Would you transcribe the whole listing exactly, minus its pictures?

### Task inputs:
>>

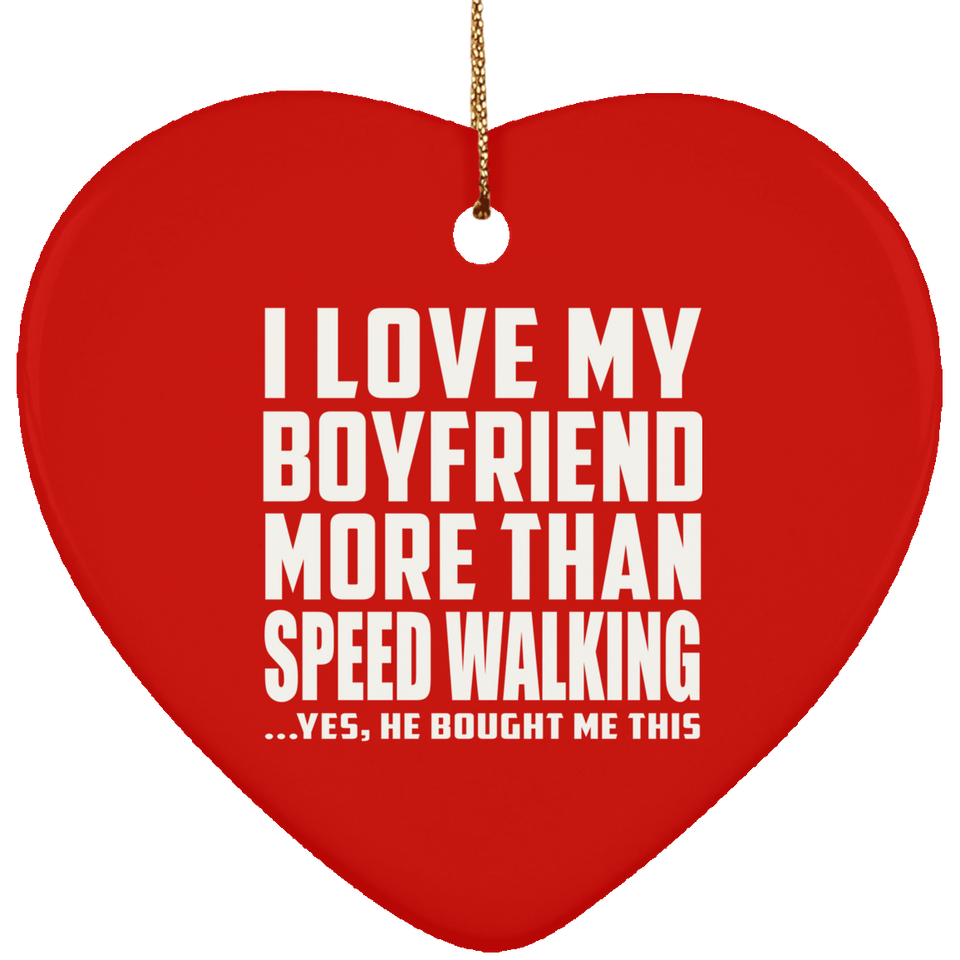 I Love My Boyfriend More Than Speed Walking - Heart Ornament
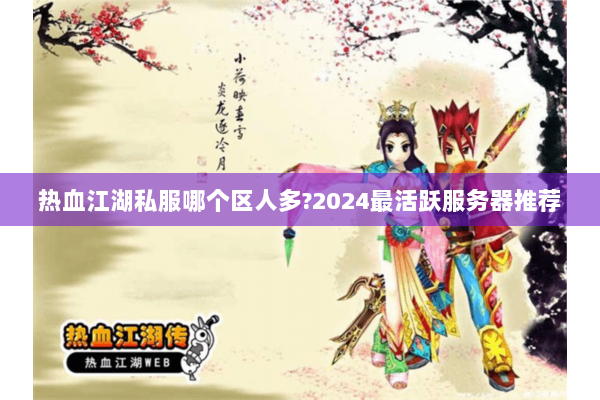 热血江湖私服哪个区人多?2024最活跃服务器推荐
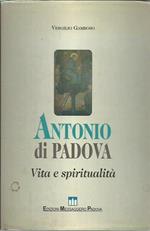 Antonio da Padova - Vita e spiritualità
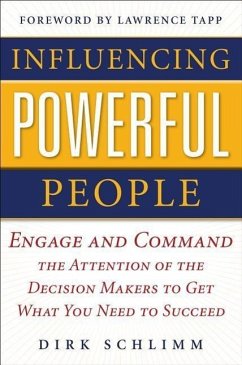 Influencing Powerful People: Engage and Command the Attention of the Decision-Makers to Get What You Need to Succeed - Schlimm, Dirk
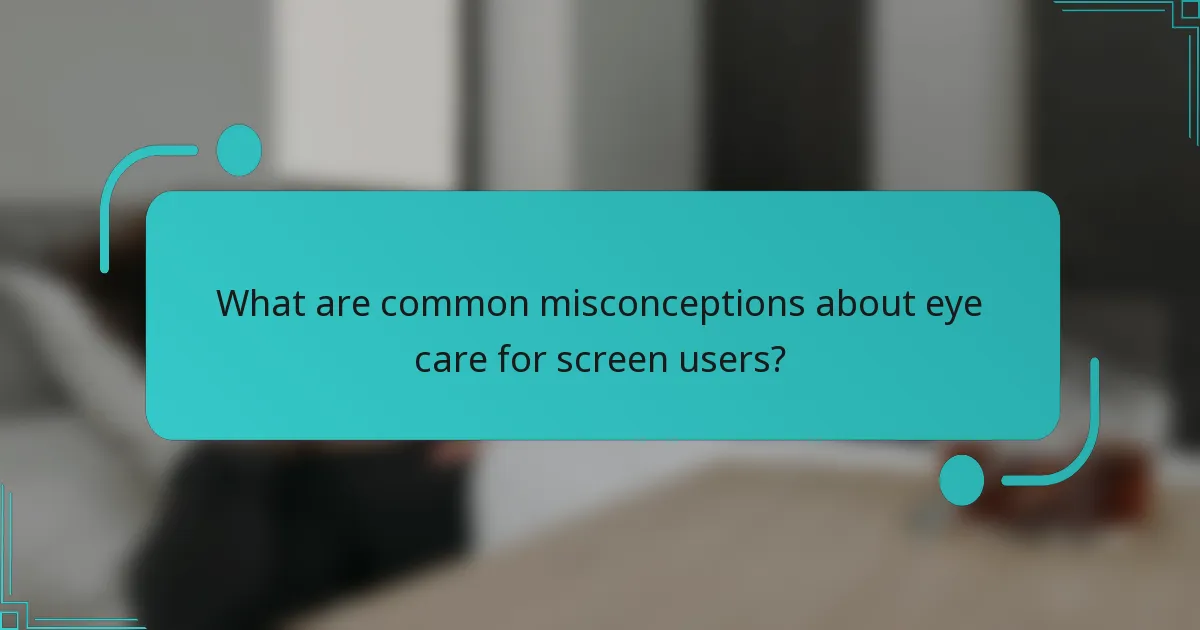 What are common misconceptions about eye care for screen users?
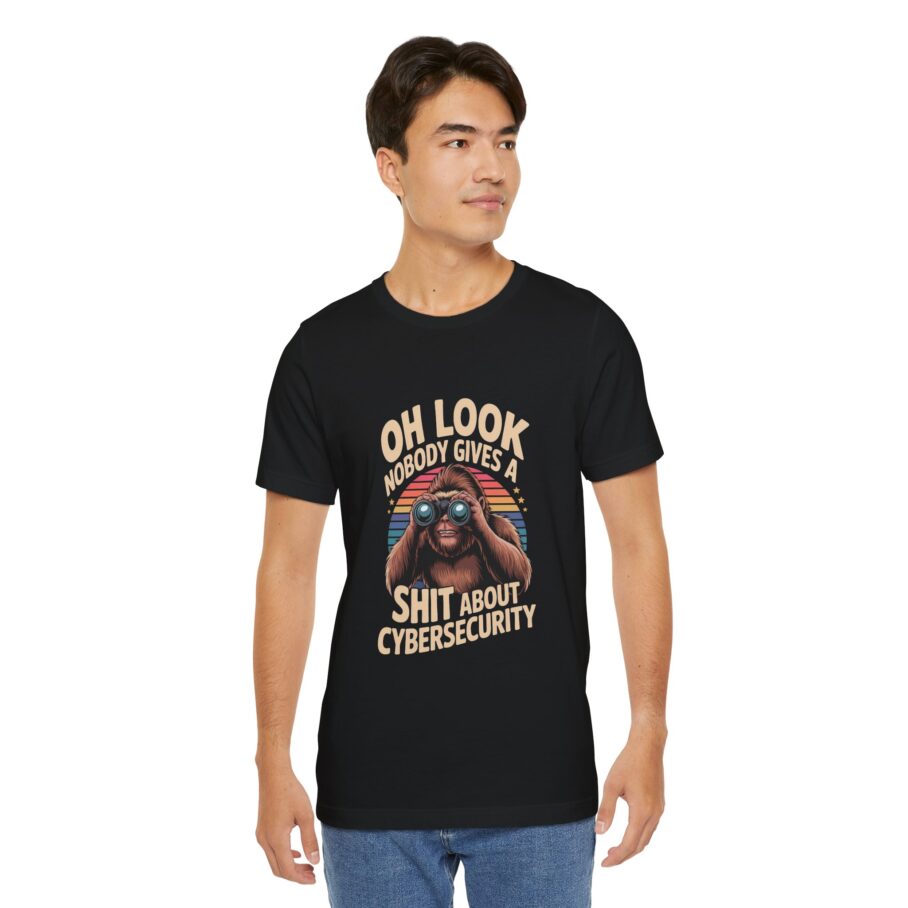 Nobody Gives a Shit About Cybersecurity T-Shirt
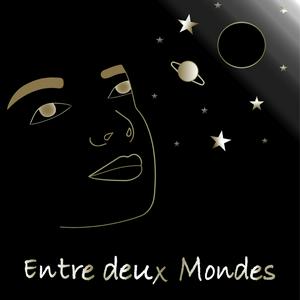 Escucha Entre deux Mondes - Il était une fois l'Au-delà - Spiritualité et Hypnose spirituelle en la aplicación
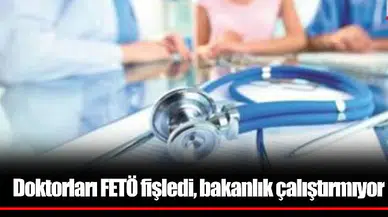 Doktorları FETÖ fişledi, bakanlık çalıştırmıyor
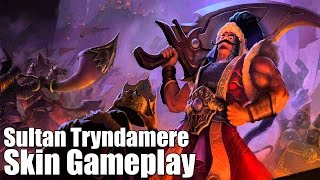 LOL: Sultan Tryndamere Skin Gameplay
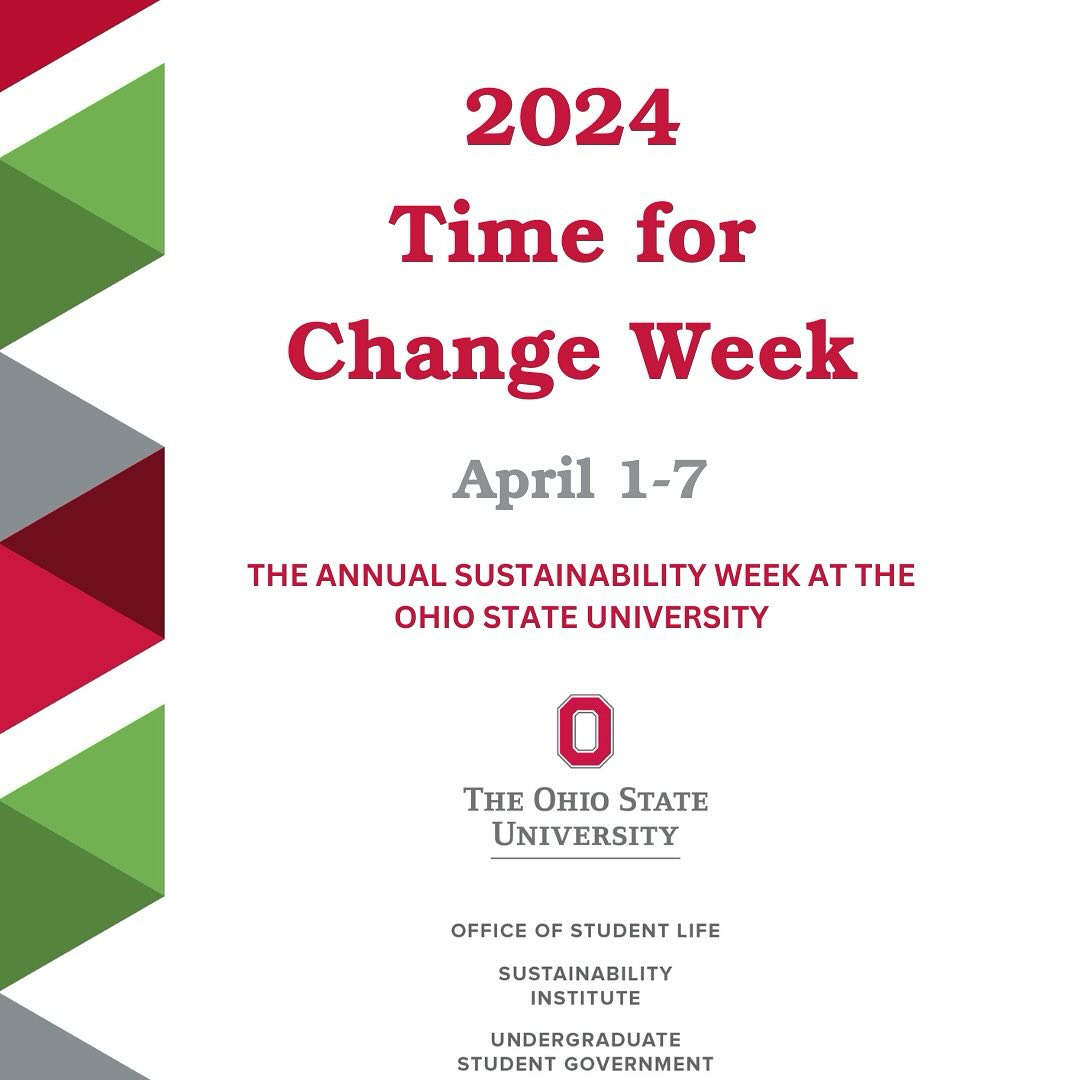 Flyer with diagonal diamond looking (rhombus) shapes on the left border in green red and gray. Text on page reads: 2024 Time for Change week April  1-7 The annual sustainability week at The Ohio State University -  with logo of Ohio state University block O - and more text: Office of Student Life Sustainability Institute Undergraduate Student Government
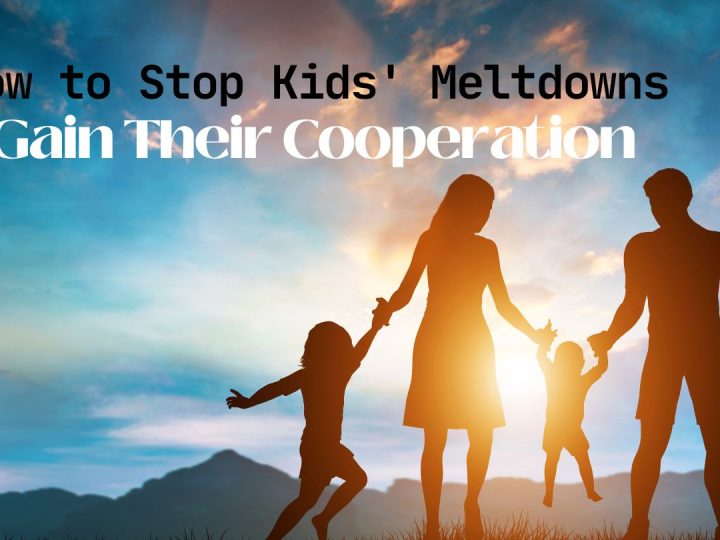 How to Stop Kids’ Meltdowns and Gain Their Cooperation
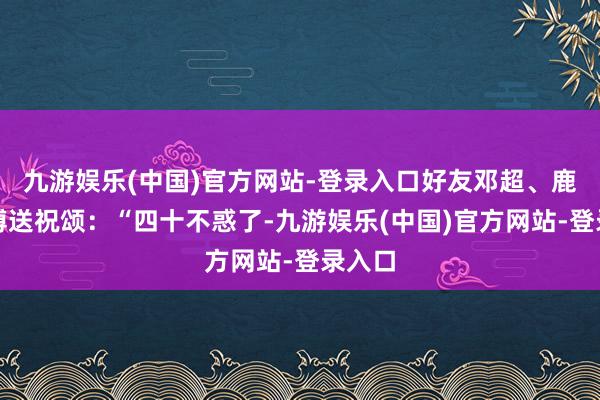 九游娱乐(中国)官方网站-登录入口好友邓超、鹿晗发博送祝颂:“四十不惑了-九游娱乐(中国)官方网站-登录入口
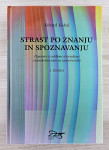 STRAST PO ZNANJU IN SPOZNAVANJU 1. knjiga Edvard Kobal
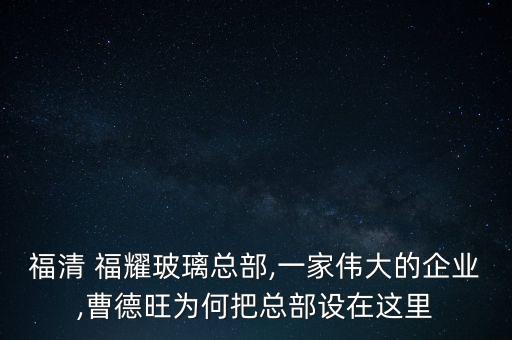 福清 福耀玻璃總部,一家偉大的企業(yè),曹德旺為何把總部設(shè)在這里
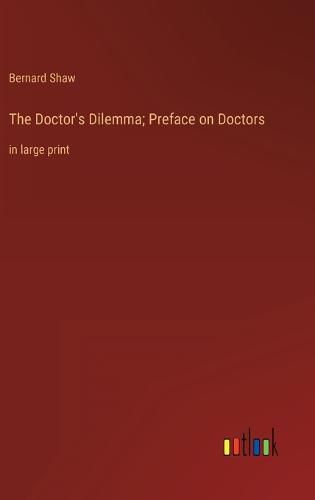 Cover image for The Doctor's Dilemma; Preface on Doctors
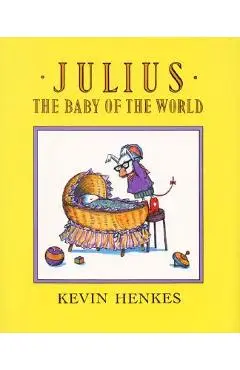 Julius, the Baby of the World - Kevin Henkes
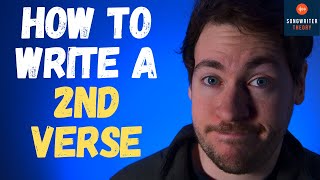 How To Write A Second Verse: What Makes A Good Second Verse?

<<

### Exercise result:
 I Love My Boyfriend More Than Speed Walking - Heart Ornament
 热血江湖私服哪个区人多?2024最活跃服务器推荐
 Antonio da Padova - Vita e spiritualità
 Influencing Powerful People: Engage and Command the Attention of the Decision-Makers to Get What You Need to Succeed - Schlimm, Dirk
 What are common misconceptions about eye care for screen users?
 Nobody Gives a Shit About Cybersecurity T-Shirt
 Escucha Entre deux Mondes - Il était une fois l'Au-delà - Spiritualité et Hypnose spirituelle en la aplicación
 Doktorları FETÖ fişledi, bakanlık çalıştırmıyor
 LOL: Sultan Tryndamere Skin Gameplay
 Flyer with diagonal diamond looking (rhombus) shapes on the left border in green red and gray. Text on page reads: 2024 Time for Change week April  1-7 The annual sustainability week at The Ohio State University -  with logo of Ohio state University block O - and more text: Office of Student Life Sustainability Institute Undergraduate Student Government
 How to Stop Kids’ Meltdowns and Gain Their Cooperation
 九游娱乐(中国)官方网站-登录入口好友邓超、鹿晗发博送祝颂:“四十不惑了-九游娱乐(中国)官方网站-登录入口
 STRAST PO ZNANJU IN SPOZNAVANJU 1. knjiga Edvard Kobal
 福清 福耀玻璃總部,一家偉大的企業(yè),曹德旺為何把總部設(shè)在這里
 Cover image for The Doctor's Dilemma; Preface on Doctors
 Julius, the Baby of the World - Kevin Henkes
 How To Write A Second Verse: What Makes A Good Second Verse?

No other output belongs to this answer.